The newswire claimed that it had obtained the exclusive from the "final" report of the committee.
But THISDAY has gathered that members of the 17-man committee have distanced themselves from the so-called report, which also made its way to the Internet, and have expressed dismay that an unfinished draft was leaked, even when members of its sub-committees had not made their input into the report.
Two members of the committee, who spoke on the condition of anonymity, said that the problem stemmed from when the committee had submitted a draft to the Minister of Petroleum Resources, Mrs. Diezani Alison-Madueke, in August and requested input from her office.
However, after the submission of the draft, the minister and petroleum ministry failed to contact the committee for two months, which must have frustrated some members, who then leaked the unfinished report.
One member explained Thursday night that the report that Reuters and other newspapers quoted was not the authentic report, adding "We took the report to the minister in August. Unfortunately, she took too long in calling the committee to make her observations and some people must have lost patience and leaked it."
He said: "We were surprised to read a report we never compiled and appended our signatures to. We have to insist that a meeting must be summoned since the president has directed that we should submit our report by Friday."
According to the committee member, "As we speak, the authentic report has been finished and will be submitted to the president tomorrow (today) and all of us will append our signatures to it."
On the discord that occurred among members of the committee when Ribadu was alleged to have over-reached his mandate and solicited the assistance of the EFCC to get the oil companies found to be indebted to the Federal Government to pay the monies they owe, he said this was stopped once it came to their attention.
"Once we got to know that Nuhu Ribadu, through the EFCC, had started to contact the oil companies, this was stopped because it was not part of our terms of reference.
"Our mandate was very clear and it is for the Federal Government to decide on the next line of action based on our findings," he said.
The Ribadu committee was among three other committees set up following a week of nationwide strikes against the increase in the price of fuel in January, which morphed into a campaign against oil corruption.

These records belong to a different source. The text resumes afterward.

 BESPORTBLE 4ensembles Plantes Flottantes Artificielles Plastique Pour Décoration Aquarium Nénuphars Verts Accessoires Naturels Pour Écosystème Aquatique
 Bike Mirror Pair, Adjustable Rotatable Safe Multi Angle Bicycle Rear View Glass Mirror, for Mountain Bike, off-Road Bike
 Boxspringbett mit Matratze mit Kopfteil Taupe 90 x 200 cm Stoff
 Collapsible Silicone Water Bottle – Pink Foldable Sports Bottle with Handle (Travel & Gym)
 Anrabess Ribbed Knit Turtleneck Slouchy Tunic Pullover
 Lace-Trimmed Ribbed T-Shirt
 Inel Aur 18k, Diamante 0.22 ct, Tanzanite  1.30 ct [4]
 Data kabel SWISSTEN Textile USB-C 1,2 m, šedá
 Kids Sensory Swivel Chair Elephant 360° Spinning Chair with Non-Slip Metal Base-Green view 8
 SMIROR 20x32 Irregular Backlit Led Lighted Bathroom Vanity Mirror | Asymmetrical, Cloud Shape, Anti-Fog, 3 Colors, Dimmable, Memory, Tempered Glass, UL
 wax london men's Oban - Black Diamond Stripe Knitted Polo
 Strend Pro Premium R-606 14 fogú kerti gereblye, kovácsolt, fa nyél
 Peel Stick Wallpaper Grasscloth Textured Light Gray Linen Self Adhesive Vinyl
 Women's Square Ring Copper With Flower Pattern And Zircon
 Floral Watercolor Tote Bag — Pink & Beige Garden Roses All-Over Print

It had as its terms of reference: To work with consultants and experts to determine and verify all petroleum upstream and downstream revenues (taxes, royalties, etc.) due and payable to the Federal Government of Nigeria:
• To take all necessary steps to collect all debts due and owing;
• To obtain agreements and enforce payment terms by all oil industry operators;
• To design a cross debt matrix between all Agencies and Parastatals of the Federal Ministry of Petroleum Resources;
• To develop an automated platform to enable effective tracking, monitoring, and online validation of income and debt drivers of all parastatals and agencies in the Federal Ministry of Petroleum Resources;
• To work with world-class consultants to integrate systems and technology across the production chain to determine and monitor crude oil production and exports, ensuring at all times, the integrity of payments to the Federal Government of Nigeria; and
• To submit monthly reports for ministerial review and further action.